This method is based on the idea of using a foam paint roller to put many layers of Rustoleum on your car. Except, I used a professional airgun and only 2 coats. The result? Pretty dang good, for the money.
Why?So why Rustoleum? Well, on the internet you can find people who rolled it on, and the cars look pretty good. But most of all, you can get a quart for under $5 at any hardware store, whereas automotive paint can be 20-50 times that much.
I have a neighbor who has a paint shop in his garage, so I got to use his spray gun. You will need a spray gun and air compressor, but if you don't you can still try rolling on the paint.
Other thoughts:Throughout the project I kept telling myself, "self, if this works out...you'll have to do an Instructable on it," and it worked out, so this is my first instructable.
Note: I'm not liable for....anything. If you ruin your car, my condolences but remember, YOU did it. However you probably won't ruin your car unless you try.
Step 1: Preparation
First, you'll need some items:
- A car you're willing to ruin the paint job on
- 2-4 quarts (depending on size of car) of gloss Rustoleum - color of your choice
- 4 or more cans of Rustoleum auto primer spray paint
- 1 quart of acetone
- 1 can of Bondo (optional)
- Sand paper - 120, 400, 800 grit (or the closest you can get)
- Mixing can/bottle/whatever
- Stir stick
- Masking tape and paper
- 4" super-fine foam paint roller (optional)
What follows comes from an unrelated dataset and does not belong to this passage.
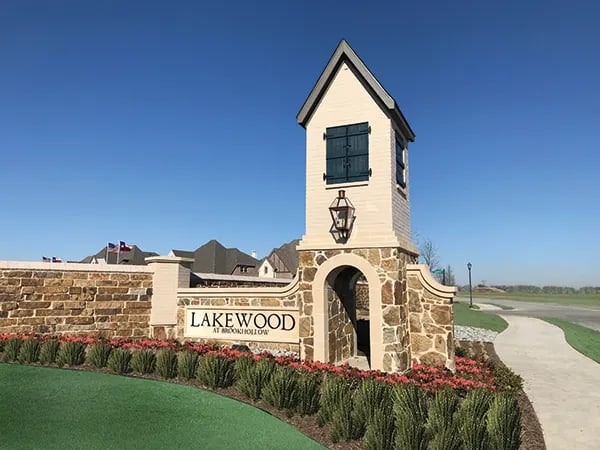 Lakewood at Brookhollow, Prosper, TX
- Spray gun - bigger nozzle seems to work better
- Air compressor - big enough for the spray gun's requirements
- Dry, well-ventilated area to paint in
- A bunch of misc. tools - these may include screw drivers, ratchet sets, allen wrenches, a can of liquid wrench
- 2 gallons of diligence
It's also a good idear to handle any bodywork your car needs. If you don't want to do this, get a professional to do it but see if you can have him skip painting it to save money. However, for small dents Bondo (or any number of superior, more expensive fillers) is really quite easy to use. I had to replace a destroyed fender and bondo a big dent on the hood before painting, but it was a lot easier than you'd think.